In this section, we'll review basic print administration, walking you through printer installation and configuration, and examine Microsoft's relatively flexible printer management capabilities.

Basic Terms
Microsoft has made the printing process pretty transparent to the average user. However, there's a lot of complexity beneath the surface; you'll need to learn the following basic Microsoft terms in order to get a handle on all the pieces of Windows 2000 Professional's printing infrastructure.

  • Printer The printer is the physical device that outputs data to paper; these range from old-school dot-matrix printers to speedy laser printers. Sometimes the term print device is used to differentiate the logical printer from the physical device used to do the printing.
    Logical printer The logical printer is the software interface between the operating system and the actual, physical printer. You can define a logical printer as a having a set of print properties, one of which is output to a particular printer or print device; and you can define another logical printer with a different set of properties that outputs to that same print device. When you use the Add Printer wizard, you are creating a logical printer. The simple term printer causes a lot of confusion in the Windows world unless you differentiate between a print device and a logical printer.
  • Print job The print job is the source code that contains both the material to be printed and the instructions for printing. When you tell a word processor to print a document, it sends the document and instructions as a print job to the logical printer.
    Printer driver The printer driver is the software that serves as the interface between the general print instructions generated by an application and contained in a print job, and the specific inputs required by a particular model of printer from a particular manufacturer. Each particular printer works best with its own specific printer driver, although you may find that generic print drivers or print drivers written for another manufacturer's printer may work satisfactorily. The latter is particularly true when the two printers or print devices are based on the same print engine that is repackaged by different original equipment manufacturers (OEMs). Since a driver is essentially a first-layer interface between an operating system and a printer, there is a different driver for each different combination of operating system and printer.
  • Print processor The print processor is a software component that works with the printer driver from a particular manufacturer to translate print jobs into instructions comprehensible to the particular model of printer.

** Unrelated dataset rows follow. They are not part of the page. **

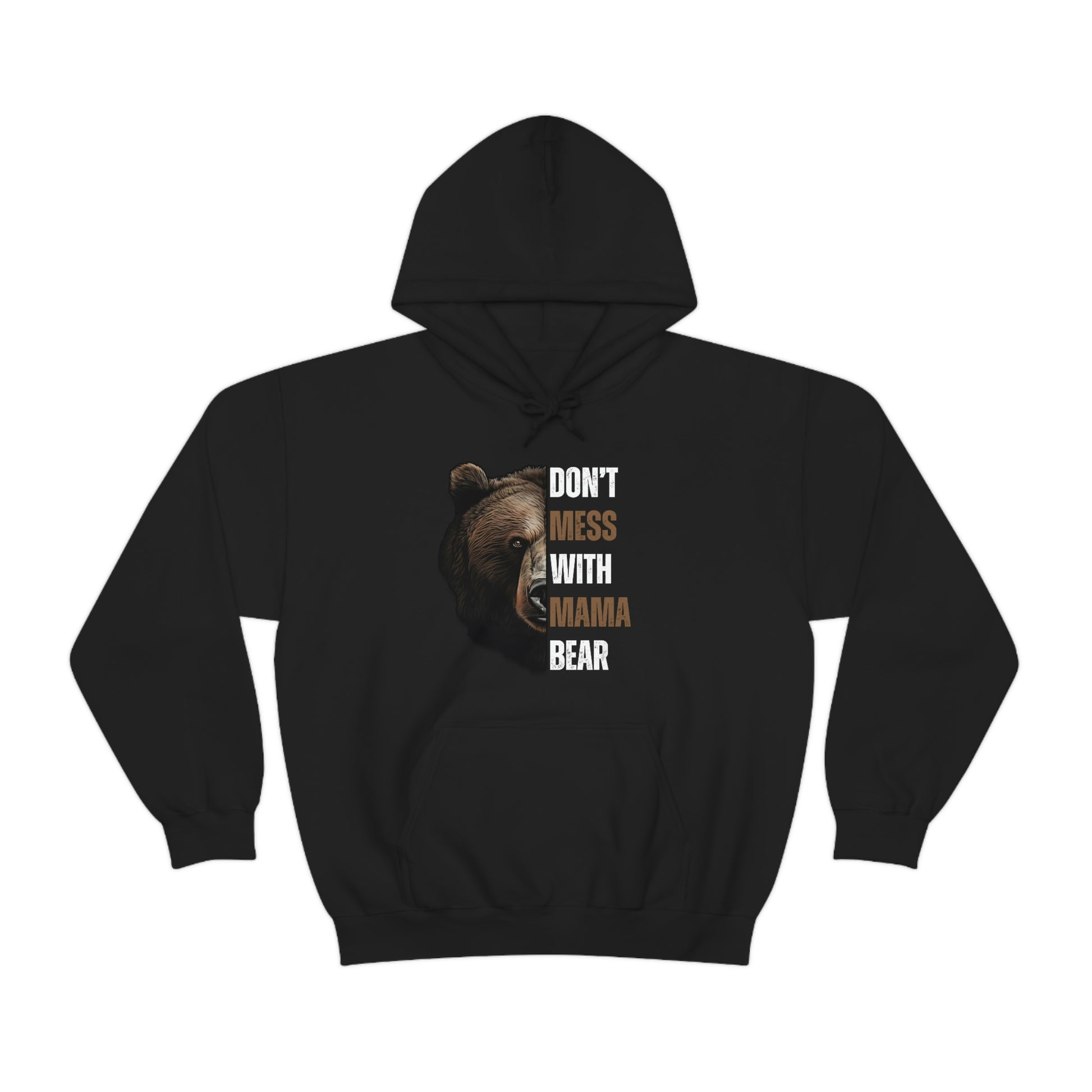 Don't Mess with Mama Bear Hoodie - Black - Showcasing the "Don't Mess with Mama Bear" text and bear image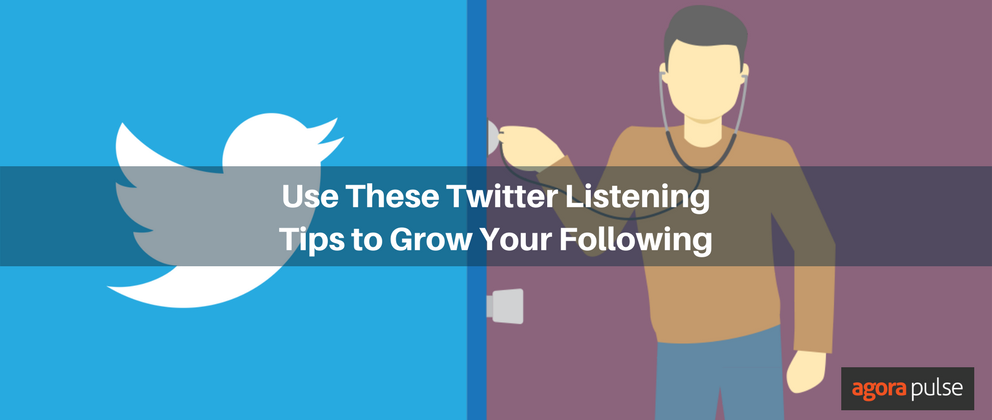 Use These Twitter Listening Tips to Grow Your Following | Agorapulse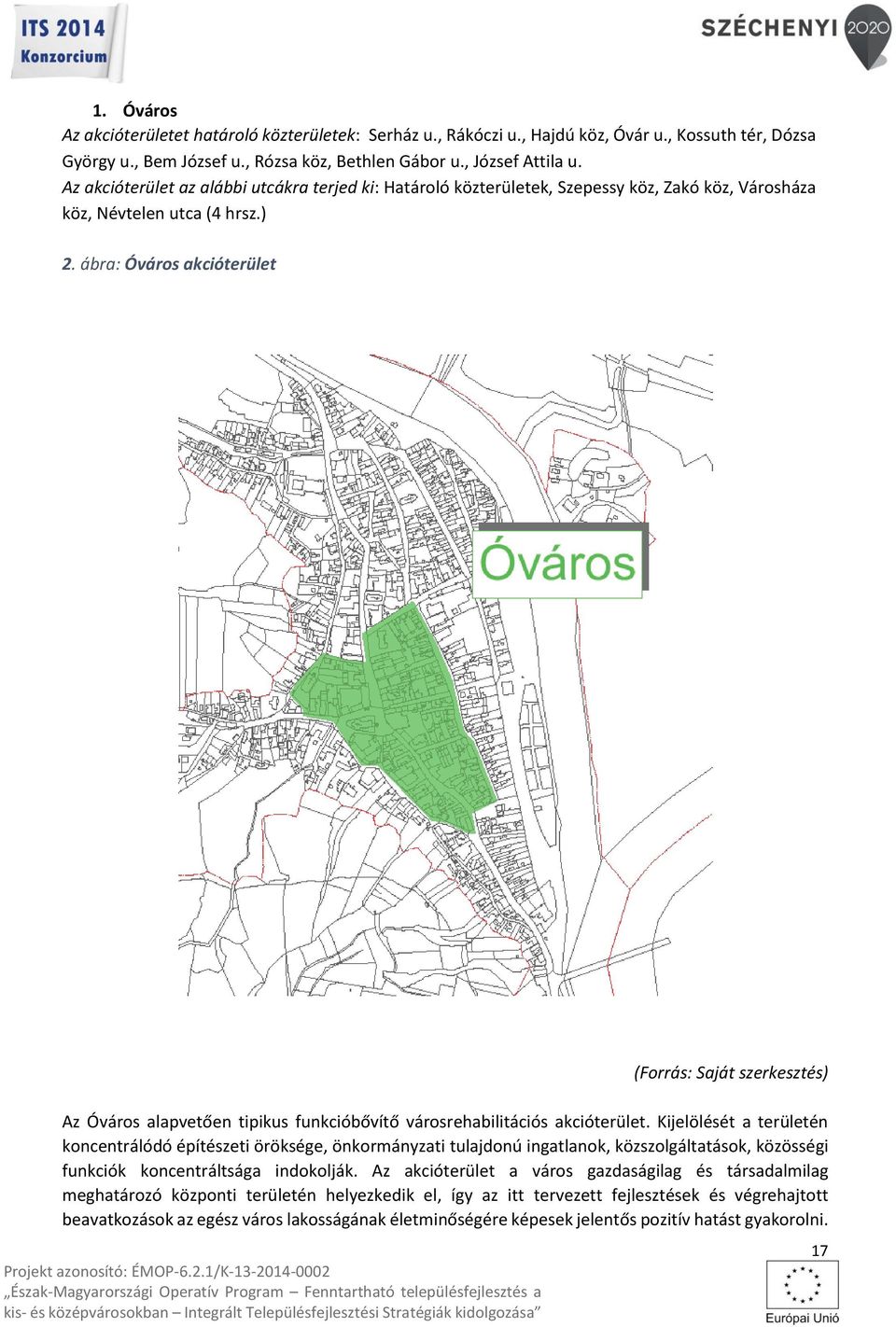 ábra: Óváros akcióterület (Forrás: Saját szerkesztés) Az Óváros alapvetően tipikus funkcióbővítő városrehabilitációs akcióterület.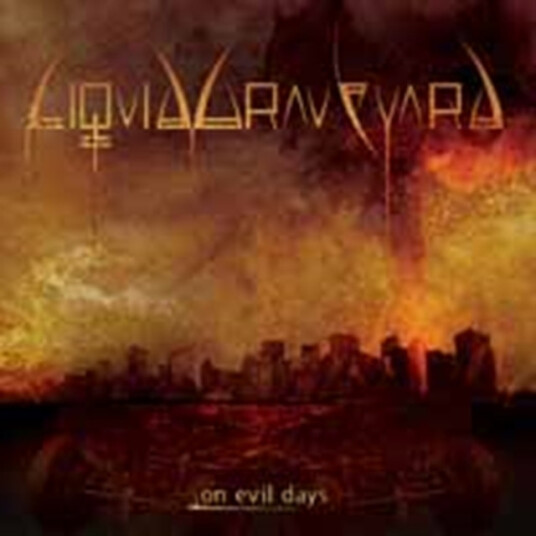 Liquid Graveyard On Evil Days CD Liquid Graveyard On Evil Days CD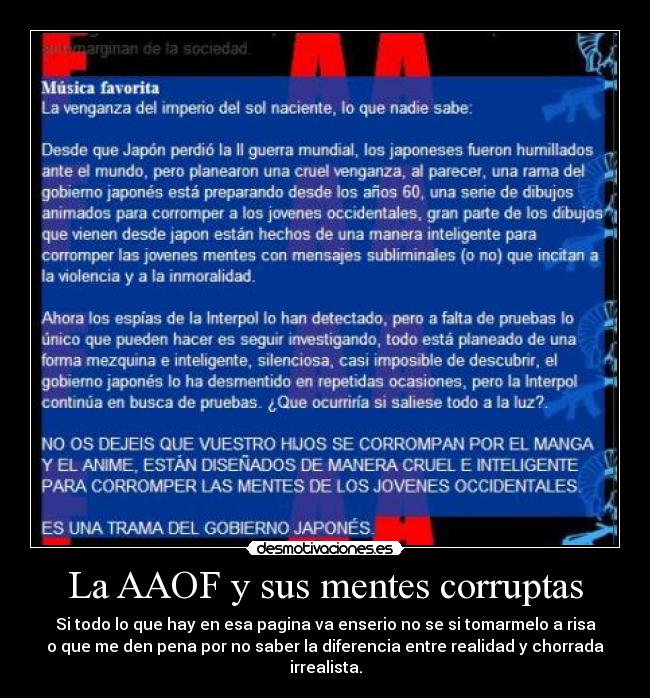 La AAOF y sus mentes corruptas - Si todo lo que hay en esa pagina va enserio no se si tomarmelo a risa
o que me den pena por no saber la diferencia entre realidad y chorrada
irrealista.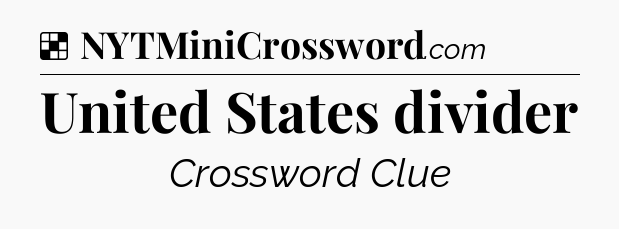 Solution: United States divider - NYT Crossword
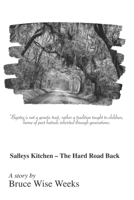 Salleys Kitchen - The Hard Road Back B091DWGD6Y Book Cover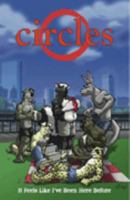 Circles "It Seems Like I've Been Here Before" (volume 1) 0971988617 Book Cover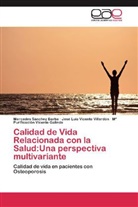 Mercede Sánchez Barba, Mercedes Sánchez Barba, Mª Purificación Vicente Galindo, José Lu Vicente Villardón, José Luis Vicente Villardón - Calidad de Vida Relacionada con la Salud:Una perspectiva multivariante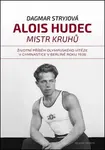 Alois Hudec - mistr kruhů - Dagmar Stryjová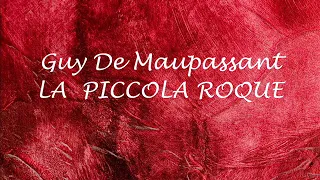02 -  LA PICCOLA ROQUE   racconto di Guy De Maupassant parte seconda e ultima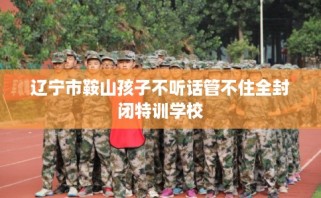 辽宁市鞍山孩子不听话管不住全封闭特训学校
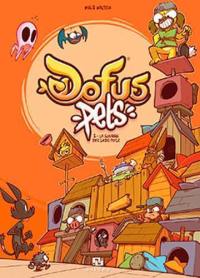 Dofus pets. Vol. 2. La guerre des laids poils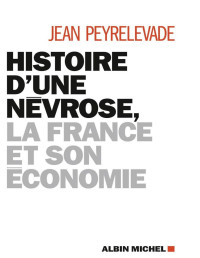 Jean Peyrelevade [Peyrelevade, Jean] — Histoire d'une névrose, la France et son économie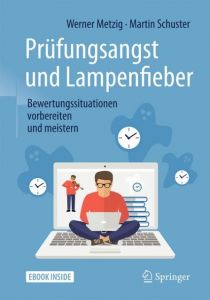 Prüfungsangst und Lampenfieber Metzig, Werner/Schuster, Martin 9783662546956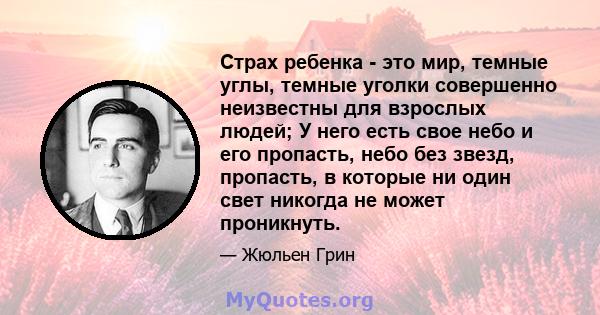 Страх ребенка - это мир, темные углы, темные уголки совершенно неизвестны для взрослых людей; У него есть свое небо и его пропасть, небо без звезд, пропасть, в которые ни один свет никогда не может проникнуть.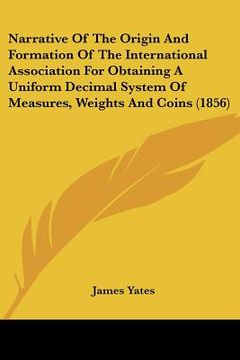 portada narrative of the origin and formation of the international association for obtaining a uniform decimal system of measures, weights and coins (1856)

  • Print spooler The print spooler is the application that holds print jobs in memory or on disk until it can be printed. This is the component associated with the "print queue" that you get when you double-click on the printer icon that appears on your taskbar when you're printing. The print spooler is actually a collection of dynamic link libraries (DLL). (The term spool is actually an acronym for "simultaneous print operations on line.") Print spoolers come in two varieties: local spoolers, and network spoolers, called network print providers.
  • Print router The print router examines a print job to see if it's bound for a local or a network printer, and sends it to the correct spooler.
  • Print server The print server is the system that manages printers in a network-printing setup.Print monitor The print monitor is what actually communicates with the printer; the print monitor transmits data to the printer and, if connected to a printer with a bidirectional port, the print monitor can receive error reports and supply them to the operating system.